That is because it would take a minimum five-year holding period to outpace the advantage of today's 15% capital gains rate, says the century-old wealth advisory firm founded to manage the DuPont family fortune in a year-end report.

The report's authors, trust attorney Carol Kroch and financial analyst Sam Fraundorf, note that central bank intervention in financial markets has not only produced low inflation-adjusted returns, but has also narrowed return differences among asset classes–a trend they expect to persist.

But while the final results of current fiscal cliff negotiations in Washington remain unknown, the upward direction in tax rates is a certainty.

"… If you have been waiting to better position your investments, now is the time to make those improvements, since we do not think it will ever be cheaper from a tax standpoint to do so," Kroch and Fraundorf write.

Without a legislative fix, capital gains taxes are scheduled to rise from 15% to 20%; the tax on dividends will rise from to 15% to as high as 39.6%; the highest rate on income tax will rise from 35% to 39.6%; and the wealthiest taxpayers will pay an additional 3.8% rate on income tax and 0.9% on wages and self-employment income.

For those reasons, the Wilmington Trust report suggests that, generally speaking, high-net-worth clients will benefit from both realizing gains this year and deferring deductions until 2013.

But the report stresses that individuals need to "run the numbers," particularly since an itemized deduction phase-out for high-income earners is expected to be reinstated in 2013.
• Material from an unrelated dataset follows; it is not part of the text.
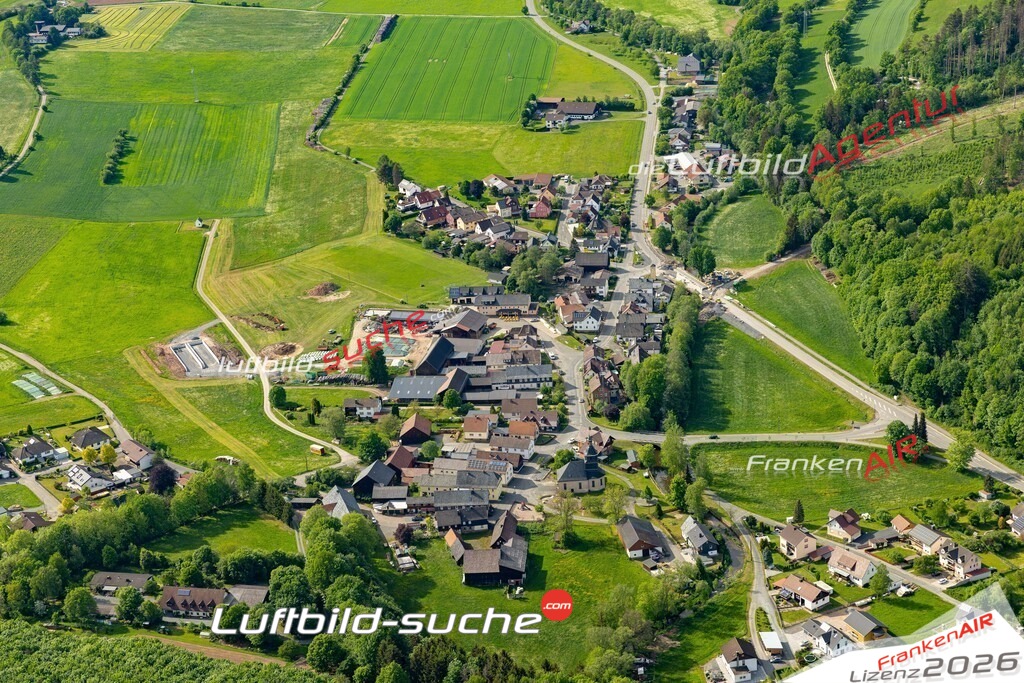 Die Luftaufnahme Welitsch - Pressig wurde 2022 vom Flugzeug aus (keine Drohne) erstellt. Hohe Auflösung -für große Poster und Wandbilder geeignet - Garantiert!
Not only will that rule limit the value of common deductions, but fiscal cliff negotiators are considering additional measures to cap deductions, such that deductions, unexpectedly, could have greater value to wealthy Americans this year than next.

The report also points out that accelerating income into 2012 will have the advantage of keeping some affluent individuals from falling under the new investment income surtax that kicks in in 2013 for families earning $250,000 or more.

The report's authors also highlight estate-planning issues and opportunities in the coming year, noting that in the remaining weeks of the year, a married couple still has the ability to transfer up to $10,240,000.

Barring congressional action, the current individual exemption of $5.12 million will drop to $1 million and the highest estate tax rate will rise from 35% to 55%. Kroch and Fraundorf therefore advise affluent households motivated to give to consult with legal experts on the appropriate gift (Delaware dynasty trust versus a QPRT, for example) and with investment experts on how best to fund the trust (i.e., which assets have the greatest appreciation potential).

Because of the time involved in estate planning, the report's authors advise clients to finalize any trust documents by early December.